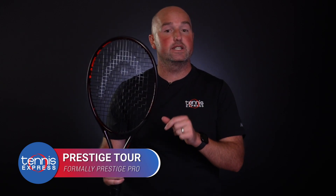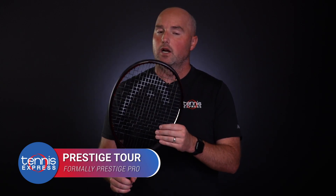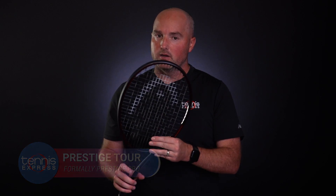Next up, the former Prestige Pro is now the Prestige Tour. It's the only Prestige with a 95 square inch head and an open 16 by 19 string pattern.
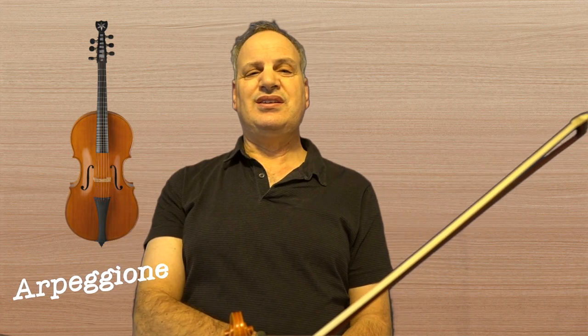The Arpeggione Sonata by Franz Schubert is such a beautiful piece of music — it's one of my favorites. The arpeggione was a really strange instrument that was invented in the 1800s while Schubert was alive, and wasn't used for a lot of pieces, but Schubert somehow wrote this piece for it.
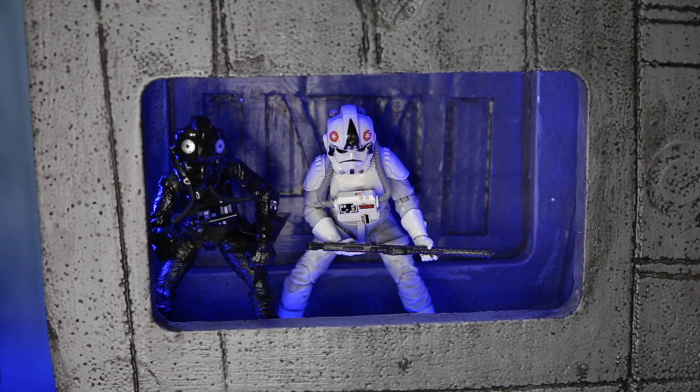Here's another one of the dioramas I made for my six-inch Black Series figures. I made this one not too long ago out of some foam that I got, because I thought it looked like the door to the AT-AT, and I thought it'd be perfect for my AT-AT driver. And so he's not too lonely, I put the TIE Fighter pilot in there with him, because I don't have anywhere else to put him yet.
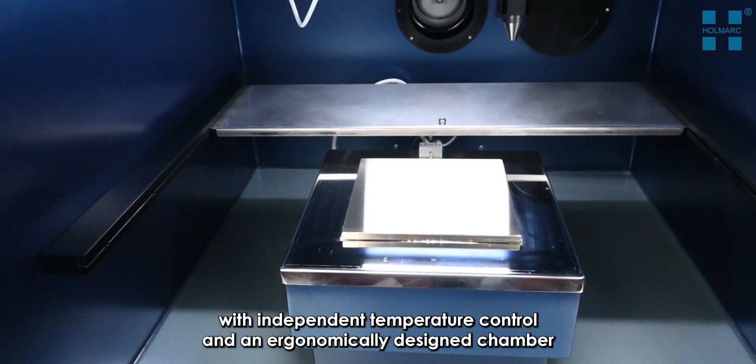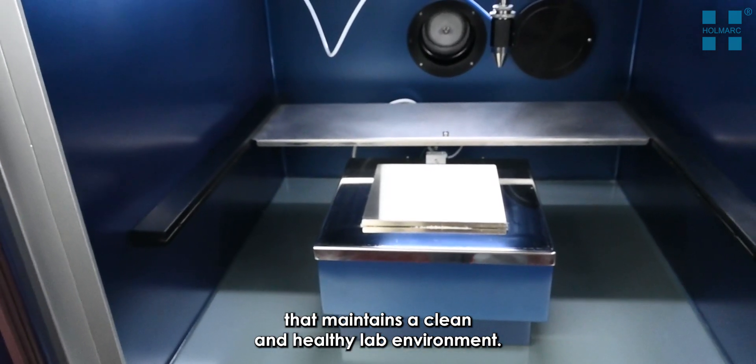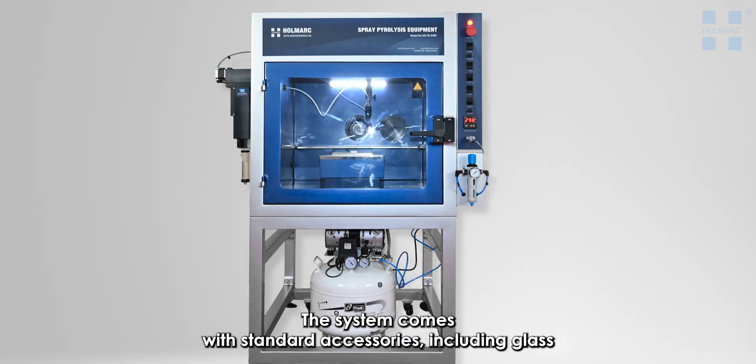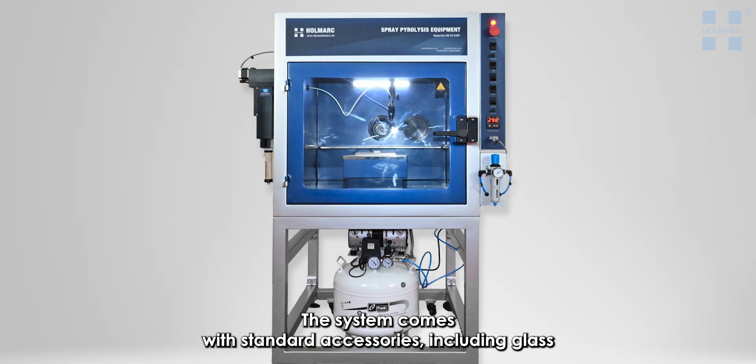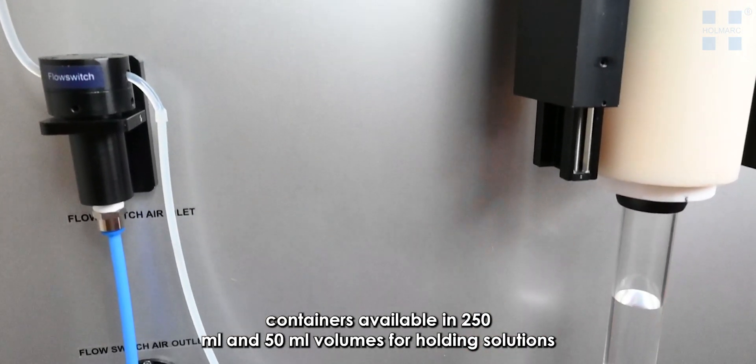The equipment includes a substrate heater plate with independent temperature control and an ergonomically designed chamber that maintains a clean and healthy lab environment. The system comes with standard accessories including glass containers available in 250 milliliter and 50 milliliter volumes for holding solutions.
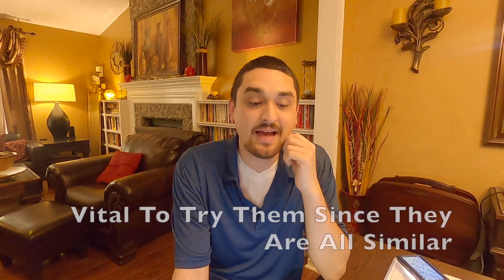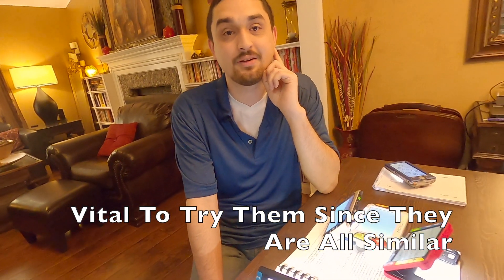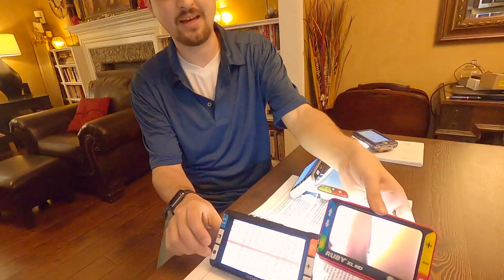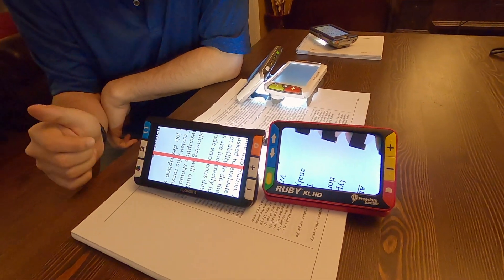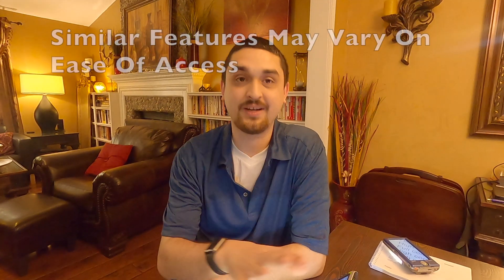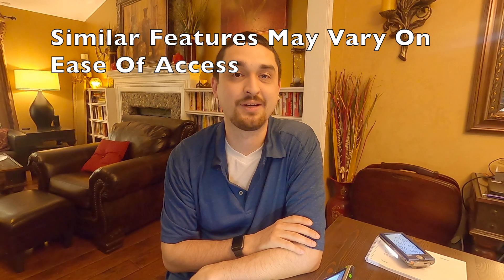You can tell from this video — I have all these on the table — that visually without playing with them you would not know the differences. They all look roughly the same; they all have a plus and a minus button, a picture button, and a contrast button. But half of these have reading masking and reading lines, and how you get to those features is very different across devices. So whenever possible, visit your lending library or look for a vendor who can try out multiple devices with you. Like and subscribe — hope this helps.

...

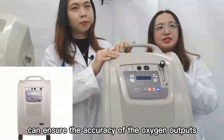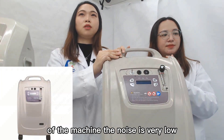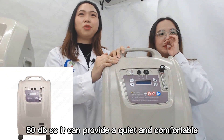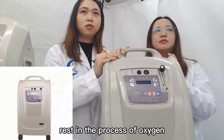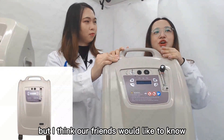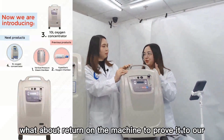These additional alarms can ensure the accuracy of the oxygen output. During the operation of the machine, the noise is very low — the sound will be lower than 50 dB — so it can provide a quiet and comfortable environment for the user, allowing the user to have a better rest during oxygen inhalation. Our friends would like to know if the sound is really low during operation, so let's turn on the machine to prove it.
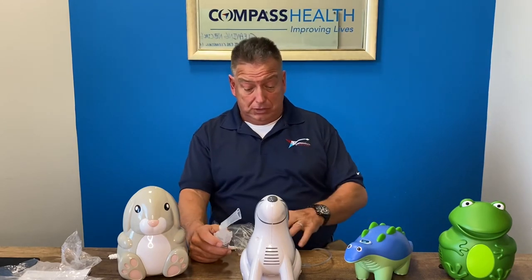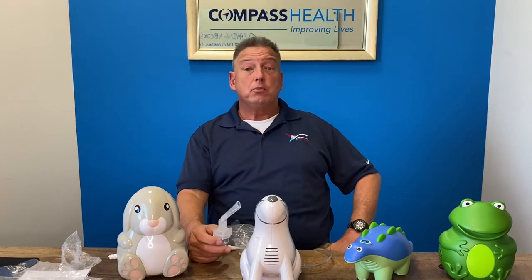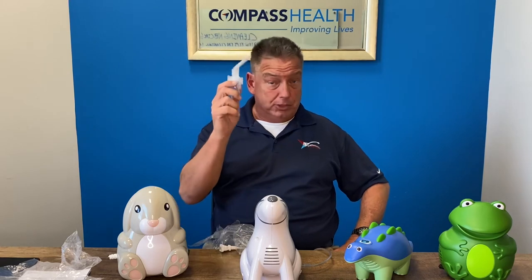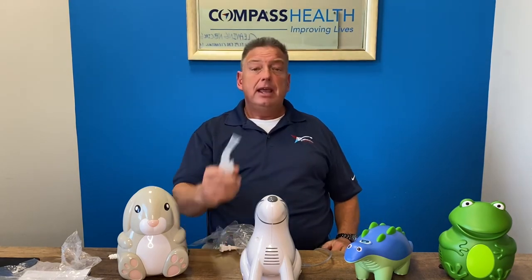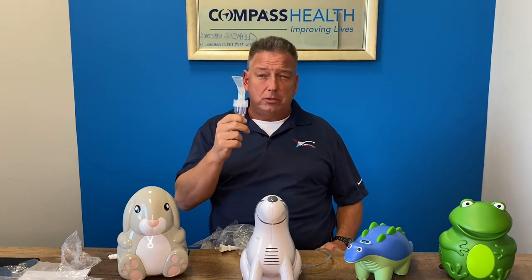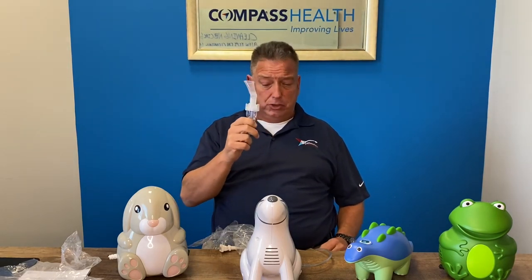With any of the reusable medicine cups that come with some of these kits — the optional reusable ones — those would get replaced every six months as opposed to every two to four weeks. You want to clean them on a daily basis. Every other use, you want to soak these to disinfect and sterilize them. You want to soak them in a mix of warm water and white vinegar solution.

Try it >> In the records above, find the line with "Here's another one" and the line with "The equipment includes", then restate word for word only those two lines and all lines between, omitting pictures.

Completed task >>
Here's another one of the dioramas I made for my six-inch Black Series figures. I made this one not too long ago out of some foam that I got, because I thought it looked like the door to the AT-AT, and I thought it'd be perfect for my AT-AT driver. And so he's not too lonely, I put the TIE Fighter pilot in there with him, because I don't have anywhere else to put him yet.
The equipment includes a substrate heater plate with independent temperature control and an ergonomically designed chamber that maintains a clean and healthy lab environment. The system comes with standard accessories including glass containers available in 250 milliliter and 50 milliliter volumes for holding solutions.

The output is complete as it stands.